Definitely seconds ..... Never minutes.
They have a very precise systematic way of wrecking a toy my two.
First to de-squeak it (which I don't mind )
Then depending on the toy / animal, it's tail goes, then nose, then feet, then bum - then usually just a bit of empty faced body bit - ruby will chuck these bits of rubber about for ages and have great fun!!


----------



## Tinman (Apr 23, 2013)

This was a giraffe last weekend.....


----------



## Janey153 (Mar 26, 2015)

Oh dear and I thought that was a strong toy!
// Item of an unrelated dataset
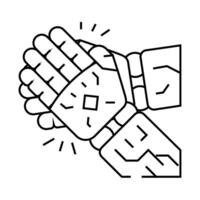 clap applause robot hand gesture line icon illustration vector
At least it wasn't your shoes! 
Hope you've feeling good for Thursday &#55357;&#56842;x


----------



## Goosey (Aug 22, 2014)

I love this site all of your tales and things all your poos do bring a smile to my face and have even had me in fit just imagining all these fantastic poos doing what they do! 
Especially when I'm very stressed and it's only tue
This was my granddaughters bear which Molly has removed it's stuffing eyes and nose and even managed to turn inside out, it's a good job it's one of many.

Thinks the kong ball might be an option as she still has her puppy kong and it's still intact


----------



## Goosey (Aug 22, 2014)

Janey153 said:


> Oh dear and I thought that was a strong toy! At least it wasn't your shoes!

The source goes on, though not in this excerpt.